Would you please copy the part of the material below that opens with the line containing "New chair for clay shooting instructor body" and closes with the line containing "Tory Burch Crossbody"? Copy it exactly, and only it.

** Opening Records to use block **

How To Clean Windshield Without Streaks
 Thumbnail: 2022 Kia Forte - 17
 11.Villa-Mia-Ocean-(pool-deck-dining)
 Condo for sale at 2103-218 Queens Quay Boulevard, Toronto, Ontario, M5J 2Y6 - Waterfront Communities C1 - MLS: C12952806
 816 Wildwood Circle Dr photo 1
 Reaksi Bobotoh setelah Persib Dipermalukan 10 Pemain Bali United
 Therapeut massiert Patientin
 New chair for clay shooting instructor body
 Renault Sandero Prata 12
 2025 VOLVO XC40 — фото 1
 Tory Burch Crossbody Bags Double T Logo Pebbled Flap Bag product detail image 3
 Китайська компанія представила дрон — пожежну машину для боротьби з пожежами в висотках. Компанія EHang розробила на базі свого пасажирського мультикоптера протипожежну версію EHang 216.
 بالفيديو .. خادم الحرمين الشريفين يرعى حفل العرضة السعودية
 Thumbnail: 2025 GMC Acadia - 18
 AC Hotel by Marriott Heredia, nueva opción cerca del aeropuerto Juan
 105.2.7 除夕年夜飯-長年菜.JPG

** Closing Records to use block **

▶ **Reply to the exercise**:
 New chair for clay shooting instructor body
 Renault Sandero Prata 12
 2025 VOLVO XC40 — фото 1
 Tory Burch Crossbody Bags Double T Logo Pebbled Flap Bag product detail image 3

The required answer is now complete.